Oinopaponton

If music be the food of love, play on 
Shakespeare

Acertó Oscar de León en comprender que había un condimento perfecto para la música o, al menos, un nombre que así lo describiera: la salsa. Más allá del encartonado cliché que dictamina, con justa razón, que la música es alimento para el alma, da en el blanco frente al sabor que imprime este género musical en la vida misma.

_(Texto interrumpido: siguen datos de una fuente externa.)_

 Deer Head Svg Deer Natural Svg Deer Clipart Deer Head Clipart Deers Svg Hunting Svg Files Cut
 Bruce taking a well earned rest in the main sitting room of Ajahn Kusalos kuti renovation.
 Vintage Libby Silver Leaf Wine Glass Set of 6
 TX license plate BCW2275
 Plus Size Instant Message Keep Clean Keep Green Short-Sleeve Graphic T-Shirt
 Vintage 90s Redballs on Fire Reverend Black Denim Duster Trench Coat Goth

Y es que esta relación intrínseca entre la música y la alimentación ya era un asunto presente en la antigua Roma. En el 311 a.C., en medio de las guerras Samnitas y Etruscas, sucedió en Roma un incidente extraordinario. Cuenta Tito Livio que los flautistas decidieron protestar en contra de las medidas efectuadas por los nuevos censores que ignoraban la tradición y llegaron a prohibir que los flautistas comieran en el templo de Júpiter. Como medida, los músicos decidieron cesar actividades y la ciudad se quedó sin quien tocara en los sacrificios a los dioses. Con los enemigos samnitas y etruscos mordiéndoles la espalda, la situación se hacía cada vez más delicada, puesto que no podían contar con los músicos para tener el favor divino que intercediera a favor de Roma en el campo de batalla. 

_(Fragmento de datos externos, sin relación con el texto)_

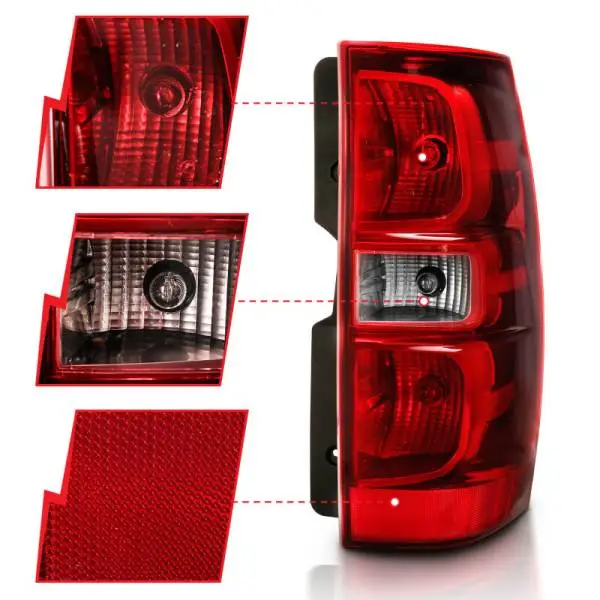 ANZO 2007-2014 Chevy Tahoe Taillight Red/Clear Lens (OE Replacement) thumbnail 8
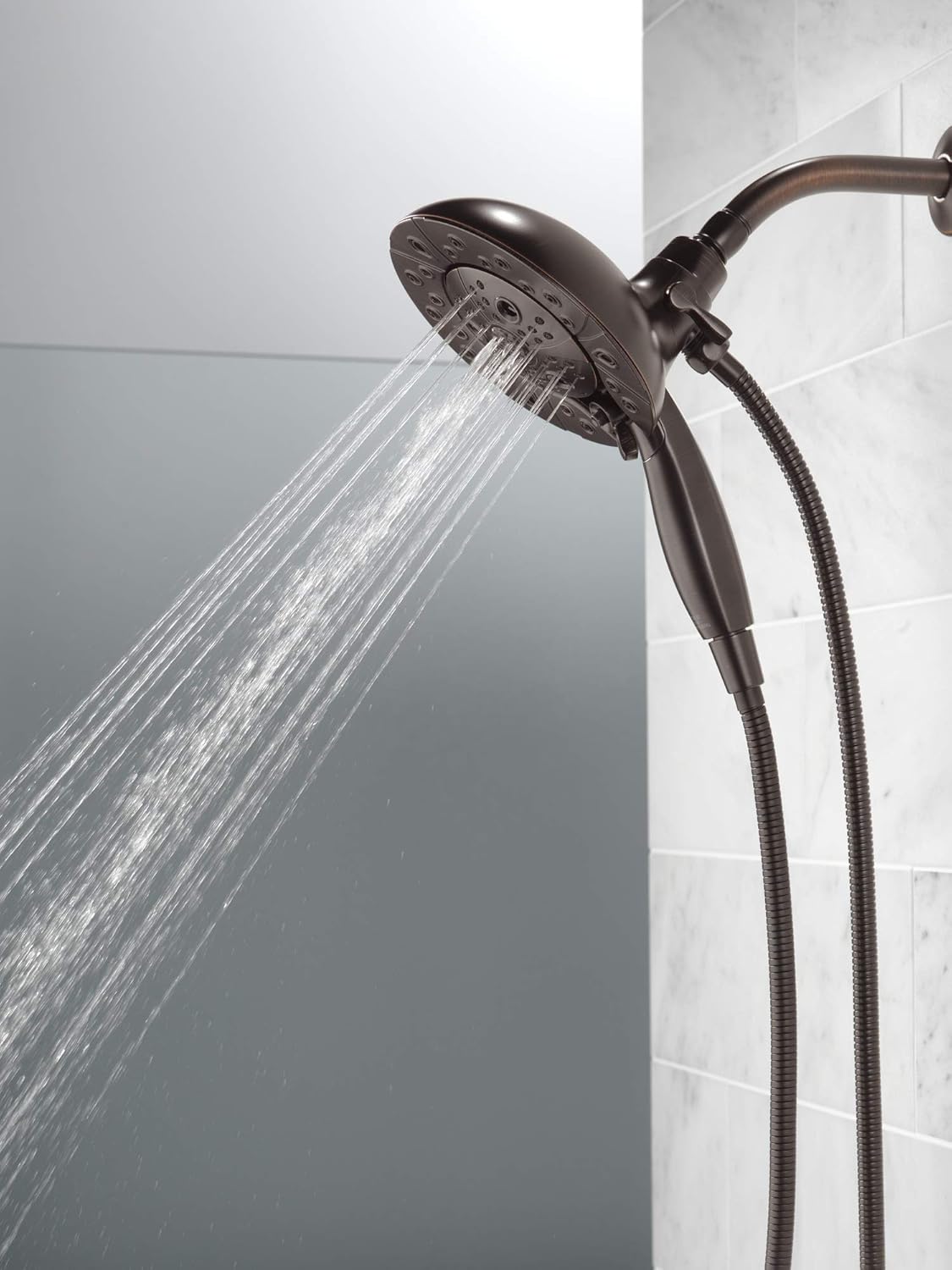 Delta Faucet 5-Spray In2ition Dual Shower Head with Handheld and Hose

El acto de rebeldía de los flautistas implicó que estos salieran de la ciudad para instalarse en Tíbur, cuestión que terminó de crispar al Senado. Una vez padecida la epidemia de silencio en la ciudad, el Senado envió embajadores para disolver el desacuerdo. Como las palabras no fueron suficientes para convencer a los flautistas de regresar a su tierra, los senadores, en conjunto con los tiburtinos, planearon una estrategia para hacer frente al silencio en los templos romanos. El plan consistía en adormilar, sin que se dieran cuenta, a los músicos en medio de una celebración con el fin de enviarlos de regreso a Roma.

De esta manera, los flautistas fueron invitados a festejar los banquetes en Tíbur y compartir de los festines con su música. Allí, los conjurados lograron hacer a punta de licor que los músicos perdieran el sentido. Dormidos por el narcótico efecto placentero del vino, son metidos en carros de transporte y enviados a Roma. Allí en Roma, la multitud de gente, aglomerada para recibirlos, los convencieron de quedarse y les otorgaron el permiso de circular durante tres días al año cantando sin restricciones. Asimismo, les conceden la licencia de volver a comer dentro de los templos en los que participasen de sacrificios a los dioses con su música.

Conforme a esta anécdota, no es difícil ver cierta magia frente al difuso dicho, atribuido a Cicerón por algunos y a Sócrates por otros, de que el condimento supremo de una comida es el hambre (optimum cibi condimentum fame). De ser cierta su aplicación de que la necesidad intensifica el placer de satisfacerla, la mejor manera para saciar el hambre, no del cuerpo sino del alma, sólo puede hacerse de la manera como declara Mongo Santamaría: sofrito na’ ma’.